Most ceramics companies are established in the vicinity of clay deposits. (This environmental brief deals only briefly with the extraction of raw materials; for further details refer to the environmental brief Surface Mining. Advice on processing and transportation of raw materials is also given in the relevant environmental brief. The size of ceramic plants and their daily throughputs vary from a few kilograms for technical ceramic plants, normally 10 to 50 t/day for fine ceramics, to as much as 450 t/day in the tile industry. Since many companies operate different types of production, the total output of the works is often higher than the typical daily output of a specific product.

The fine, industrial and utilitarian ceramics industries use all types of clays, kaolins and fireclays (burnt clay), feldspars and sands as a raw material base. The refractory, abrasives and technical ceramics industries also use numerous high-temperature-resistant and abrasion-resistant oxides such as corundum (Al203), zirconium oxide (ZrO2) and silicon carbide (SiC).

Besides using their own, readily available raw materials, many companies are increasingly purchasing ready-processed raw materials, particularly for refractory products, abrasives and technical ceramics, as well as the raw materials required for glazes and frits.

The following process sequence is typical of the production processes in industrial, utilitarian and fine ceramics:

- extraction, processing, forming, drying, partial glazing or enamelling, firing, sorting/packing and transportation.

Execution of the individual process stages varies according to the selected method. Generally speaking, casting, plastic or drying processes are employed, with smooth transitions between the process stages.

Table 1 - Production processes

Casting processes

Plastic processes

Dry pressing processes

- Porcelain - Sanitary products - Electrical porcelain |- Refractory

- Tiles - Roof tiles - Expanded clay - Cleaving tiles - Electrical porcelain - Pottery - Earthenware

- Refractory products - Wall tiles, floor slabs - Pottery - Earthenware tiles - Technical ceramics - Steatite - Abrasive wheels

- In the casting process the raw materials are dosed, wet-ground and poured into plaster moulds as so-called slip.
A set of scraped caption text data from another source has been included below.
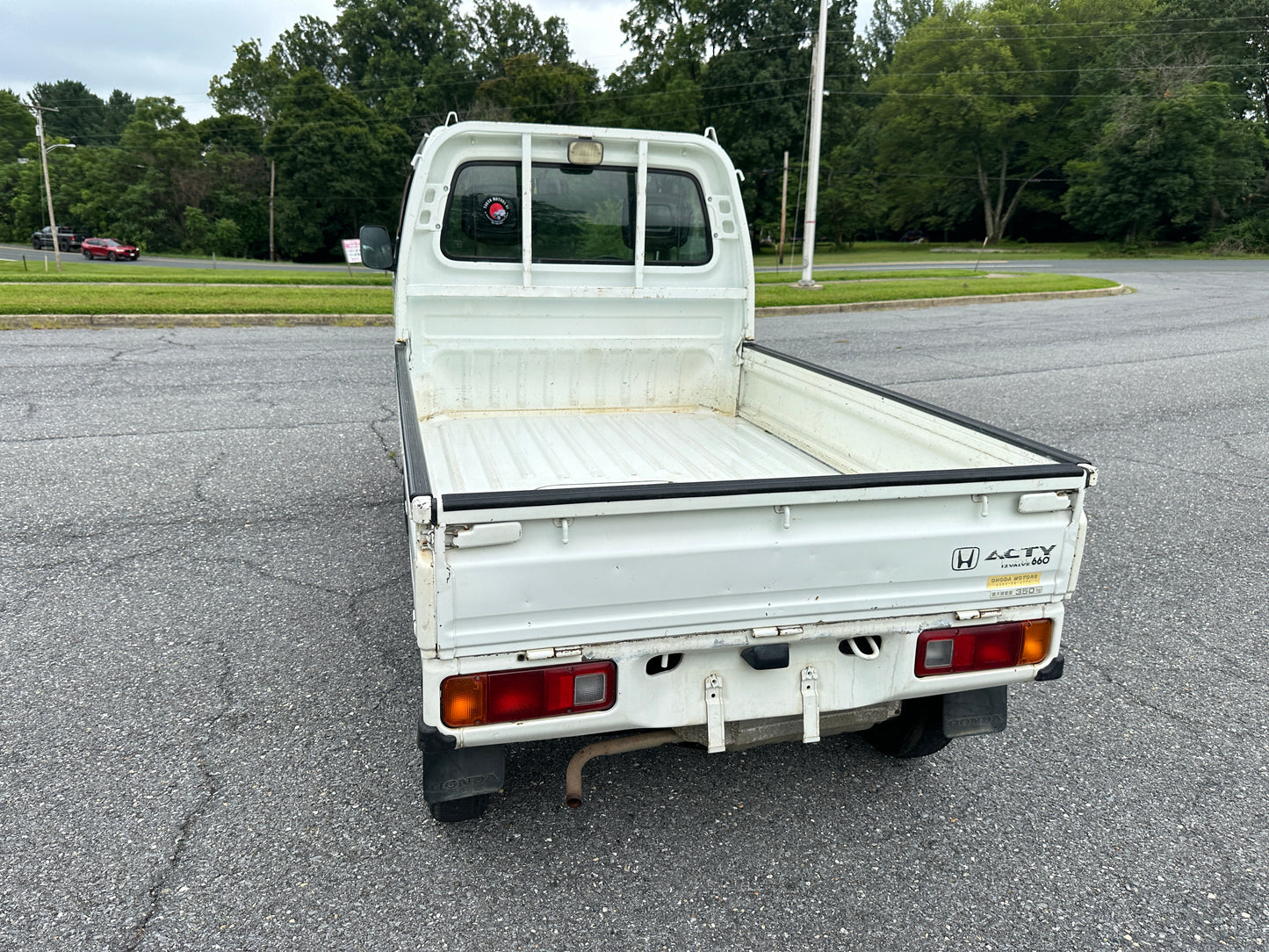 1998 HONDA ACTY ATTACK 4WD - DIFF LOCK - A/C — LOT#802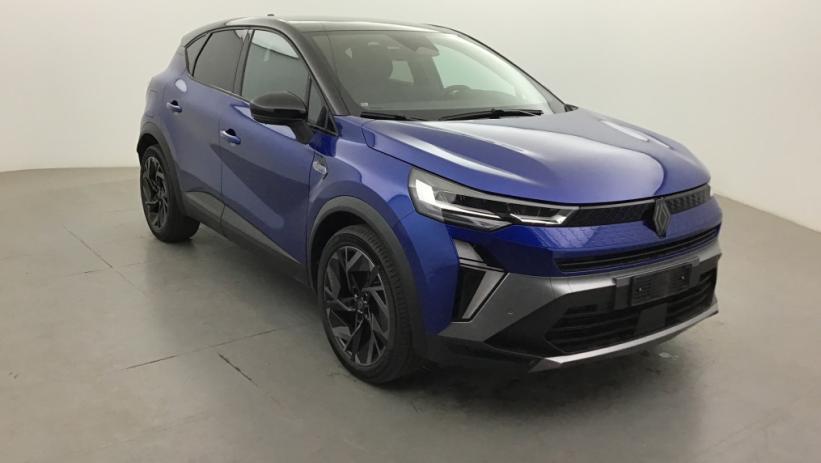 Aperçu du véhicule : CAPTUR E-Tech full hybrid 145 ch esprit Alpine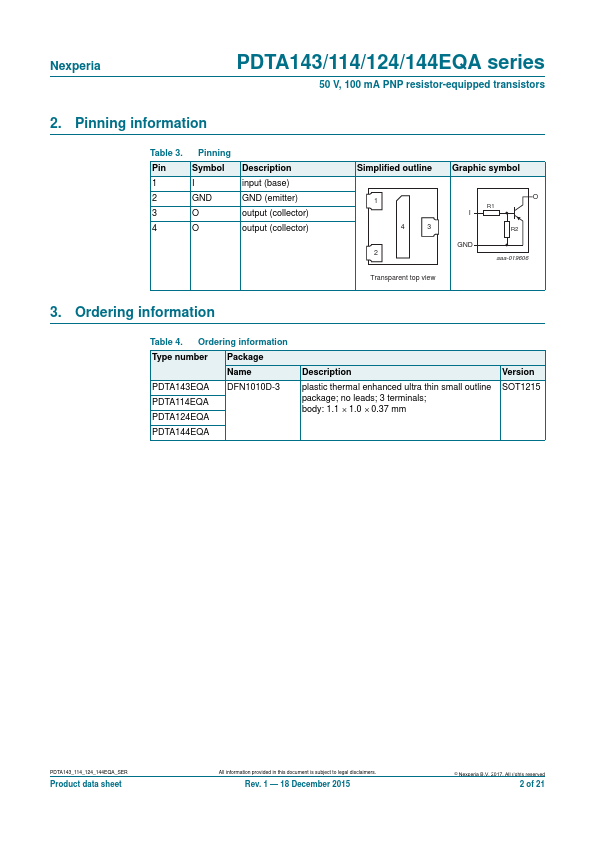 PDTA114EQA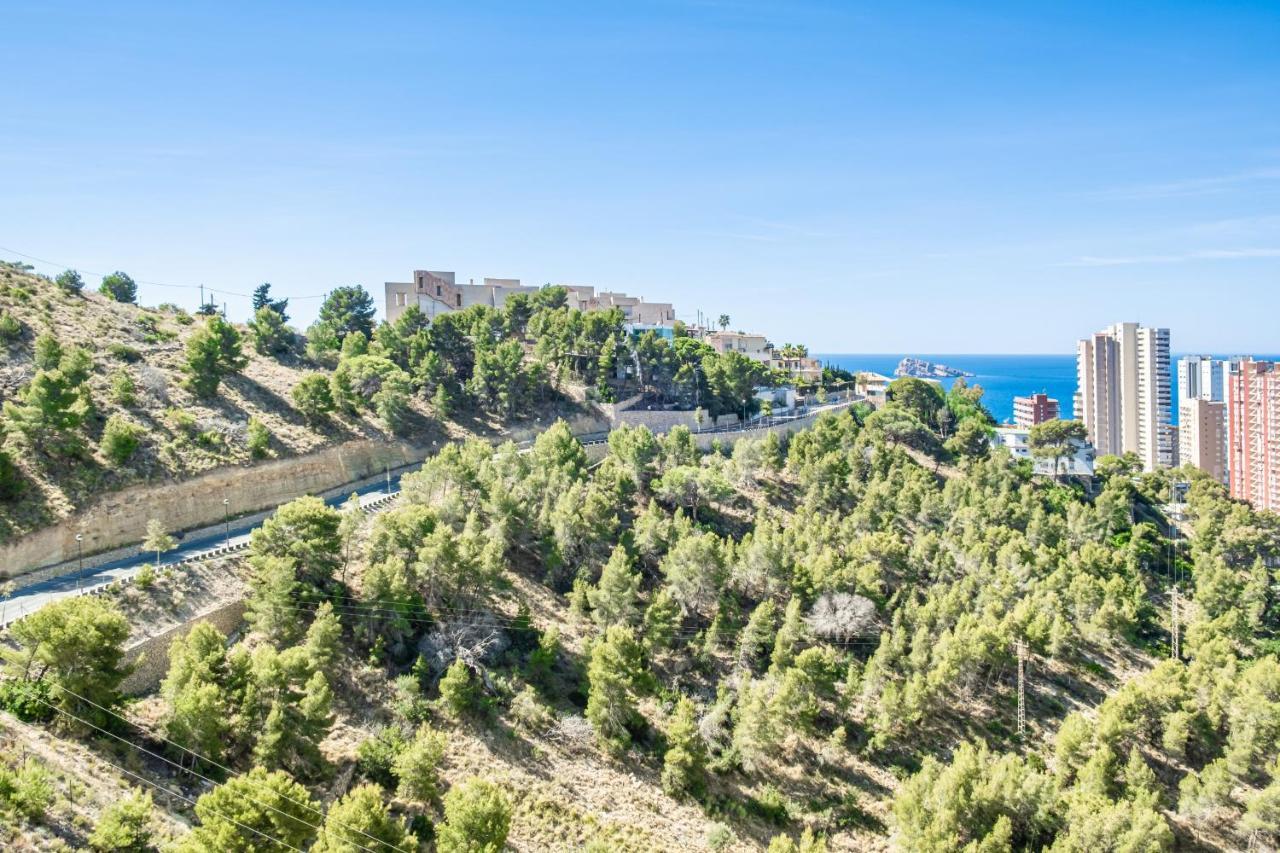 Mirador Mediterraneo 15-E Apartment Levante Beach Benidorm Eksteriør billede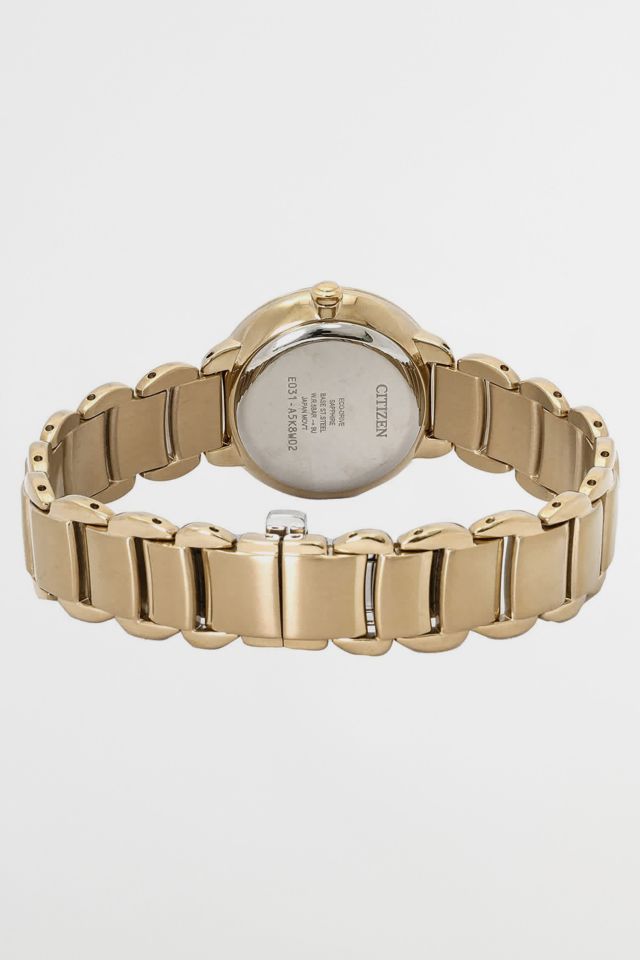 Citizen L Series Eco-Drive Mother of Pearl Dial Watch #2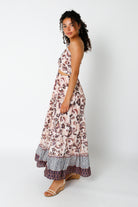 maxi cocktail dress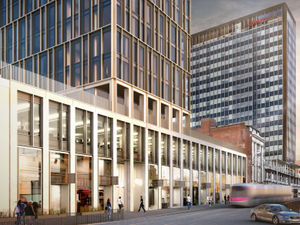 Supporting image for story: Birmingham's tallest apartment building gets green light from planners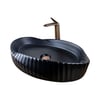Nexa 60 cm Mat Siyah Çanak Lavabo MB-301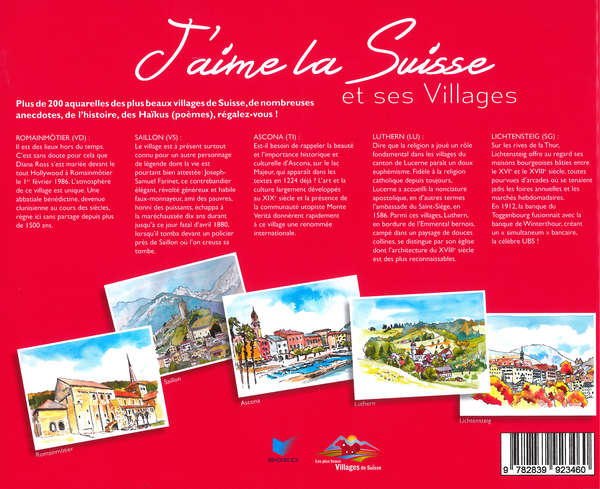 Image du produit  J'aime la Suisse et ses villages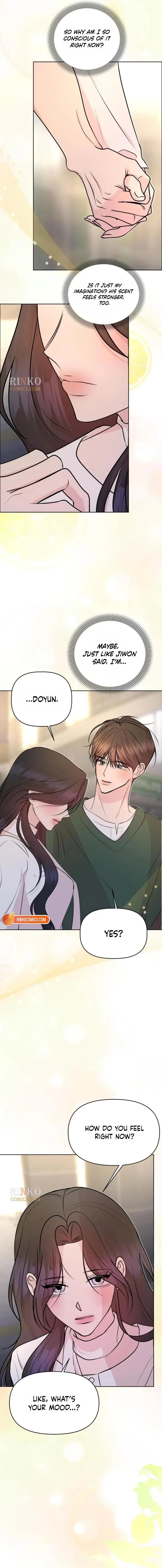 Fragrant Contractual Relationship Chapter 24 page 19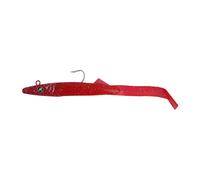 Leurre souple mer Ragot Hybrid (x2) Rouge 6,5 cm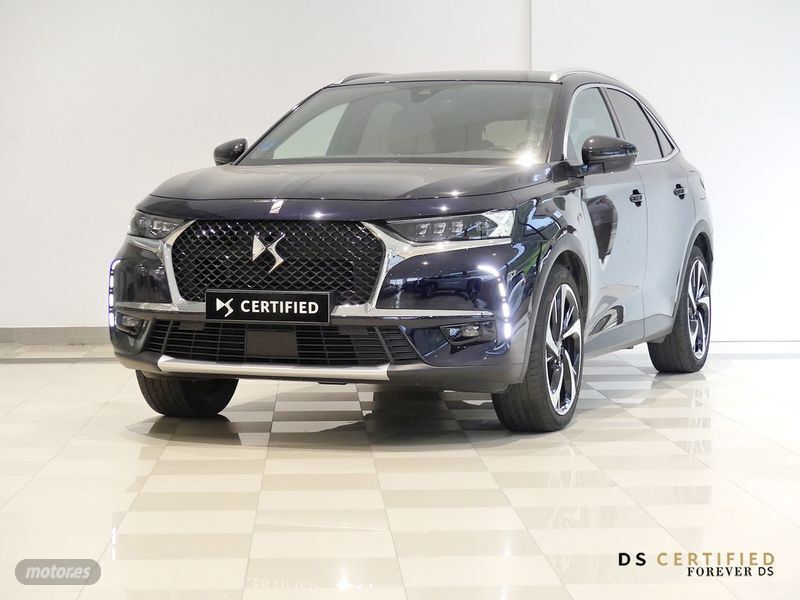 Azul Usado 2022 DS Automobiles DS7 Crossback Bastille Plus SUV | 51.870 € - Imagen 1/4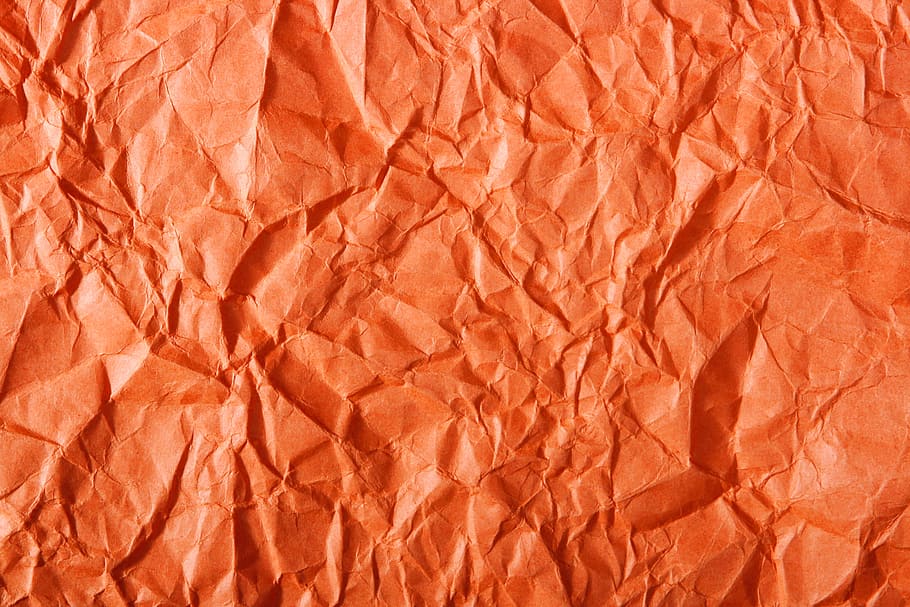 Orange Texture Seamless, paper, documents, delete, garbage Free HD Wallpaper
During pressure casting, the slip is shaped to produce the blank under pressure in machines.
- In the plastic process the raw materials are normally prepared in the wet state, mixed and shaped with moisture content of 15 - 20% water.
- In the dry pressing process used in fine ceramics, the raw materials are frequently prepared in the wet state, then dried in a spraying tower to a residual moisture content of 5-7%. In the refractory industry the raw materials are mixed dry and are often processed with pressing moisture content of less than 2%, also using organic and inorganic binding agents.

The moulded products are dried and then fired. They are generally fired in high-power tunnel kilns; special products are fired mainly in individual, hood-type or batch kilns, while fast-burning products are fired in roller hearth kilns of various designs. In many countries, tile products in particular are often fired in self-built single-chamber and ring kilns or in charcoal kiln systems.

Many fine ceramic products are glazed or enamelled before firing.

Depending on the raw materials used, the firing temperatures in industrial, utilitarian and fine ceramics begin at 950°C for some tile products, for example, whereas most fine ceramic products are fired at between 1100°C and 1400°C. Refractory and technical ceramic products have firing temperatures of 1280 to 1900°C. (Pure glaze baking is done at lower temperatures.) The dual firing process is sometimes used for porcelain and very rarely for wall tiles.

Energy consumption depends on the product and the process; in the tile industry, because of the low firing temperatures, it is between 800 and 2100 kJ/kg of manufactured product, but in almost all other areas of industrial, utilitarian and fine ceramics it is on average much higher per manufactured product, and may be as much as 8000 kJ/kg of product.

After firing the products must be sorted and sometimes reworked, which will involve varying labour costs depending on the product.